UC Riverside engineers awarded grant to develop new generation of GPUs for autonomous systems

June 29, 2020 | AUVSI News

The National Science Foundation has awarded three University of California, Riverside (UC Riverside) engineers a $1.2 million grant to develop a new generation of energy-efficient, energy-elastic, and real-time-aware Graphics processing units (GPUs) that can be used in resource-constrained environments such as emerging embedded and autonomous systems, including UAS and autonomous vehicles.

Daniel Wong, Hyoseung Kim, and Nael Abu-Ghazaleh are the recipients of the grant. All three are Marlan and Rosemary Bourns College of Engineering faculty members, and are professors of electrical and computer engineering.

GPUs commonly provide the computational power needed to enable autonomous systems. They are widely used in supercomputing and cloud computing to significantly speed up applications, such as image processing, deep learning, and other computationally intensive workloads. That added speed comes at a cost, though, as GPUs used in parallel computing consume large amounts of energy, which limits their use in self-contained, often battery-operated environments such as vehicles and drones.

Effective GPUs for autonomous systems need to be energy efficient and capable of executing workloads in real time. An example of this is that for an autonomous vehicle to safely navigate on the road, it has to be able to process a variety of sensor information, such as camera and lidar, and make a decision within milliseconds to prevent the vehicle from crashing.

But modern embedded GPUs have several limitations when used in autonomous system settings. GPUs tend to be energy inefficient, which leads to insufficient computational power and limited autonomous system capability. To successfully perform real-time operations and meet the workload deadlines required to provide correct and safe operations, GPU hardware and software need to be timing aware, so the UC Riverside project will look to solve these issues by providing solutions that cover both software and hardware in order to enable real-time embedded GPUs for autonomous systems.

“Current GPUs consume almost the same amount of power when actively processing a workload and when idle, wasting energy,” Wong says.

The UC Riverside team will design “energy-elastic” hardware, which lets the GPU consume power based on the amount of work it has to do.

“If it is doing little work, it will consume less power; if it needs to do more work, it will consume more power,” Wong explains.

GPU hardware is made up a lot of schedulers, which are unaware of the timing requirement of workloads. As a result, if multiple workloads are running on the GPU, it’s possible that some workloads may miss the deadline due to competition for hardware resources. The UCR group will create timing-aware hardware and software, which allows the various hardware schedulers to prioritize workloads to make sure that deadlines are met.

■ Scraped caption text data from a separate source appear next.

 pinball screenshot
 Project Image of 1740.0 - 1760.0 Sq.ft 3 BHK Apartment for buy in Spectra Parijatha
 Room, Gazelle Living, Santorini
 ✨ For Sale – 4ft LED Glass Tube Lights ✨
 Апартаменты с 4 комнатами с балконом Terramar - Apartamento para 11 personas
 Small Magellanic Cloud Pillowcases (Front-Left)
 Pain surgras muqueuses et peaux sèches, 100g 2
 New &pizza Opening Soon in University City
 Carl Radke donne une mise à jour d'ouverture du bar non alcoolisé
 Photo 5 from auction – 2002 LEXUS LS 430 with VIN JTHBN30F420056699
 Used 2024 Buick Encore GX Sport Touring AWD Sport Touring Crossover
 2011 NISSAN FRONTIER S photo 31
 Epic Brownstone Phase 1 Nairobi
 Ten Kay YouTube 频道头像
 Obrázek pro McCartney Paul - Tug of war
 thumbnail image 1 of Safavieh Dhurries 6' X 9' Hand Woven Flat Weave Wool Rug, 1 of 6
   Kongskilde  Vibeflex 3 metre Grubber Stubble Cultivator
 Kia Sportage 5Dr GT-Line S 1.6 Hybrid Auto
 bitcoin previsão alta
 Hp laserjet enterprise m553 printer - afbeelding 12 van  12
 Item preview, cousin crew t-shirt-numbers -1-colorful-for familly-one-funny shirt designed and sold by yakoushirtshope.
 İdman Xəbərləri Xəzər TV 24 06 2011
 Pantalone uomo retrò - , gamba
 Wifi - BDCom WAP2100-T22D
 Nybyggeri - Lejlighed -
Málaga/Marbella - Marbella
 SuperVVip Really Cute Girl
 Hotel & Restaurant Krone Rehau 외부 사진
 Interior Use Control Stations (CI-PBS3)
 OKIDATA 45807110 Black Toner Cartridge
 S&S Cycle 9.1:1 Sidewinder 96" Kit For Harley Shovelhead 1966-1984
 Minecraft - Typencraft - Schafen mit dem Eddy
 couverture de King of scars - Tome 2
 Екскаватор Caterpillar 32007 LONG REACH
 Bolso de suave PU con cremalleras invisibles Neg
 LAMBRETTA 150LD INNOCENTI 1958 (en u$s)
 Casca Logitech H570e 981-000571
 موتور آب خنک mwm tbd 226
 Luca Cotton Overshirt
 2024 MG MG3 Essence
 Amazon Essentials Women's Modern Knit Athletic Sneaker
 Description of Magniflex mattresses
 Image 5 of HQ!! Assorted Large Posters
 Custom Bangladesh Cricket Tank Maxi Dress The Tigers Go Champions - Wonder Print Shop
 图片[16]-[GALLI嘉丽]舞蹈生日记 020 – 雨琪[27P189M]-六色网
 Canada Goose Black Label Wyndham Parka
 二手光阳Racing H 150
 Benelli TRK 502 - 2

The researchers will design real-time scheduling software that coordinates with hardware schedulers. Having hardware that keeps the software updated on the workload’s progress will allow the software to make better scheduling decisions and improve real-time operations.

“Today’s software and hardware do not coordinate to enforce workload deadlines,” Kim says. “This project would enable multiple workloads to run safely together and increase the capabilities provided by embedded GPUs in autonomous systems.”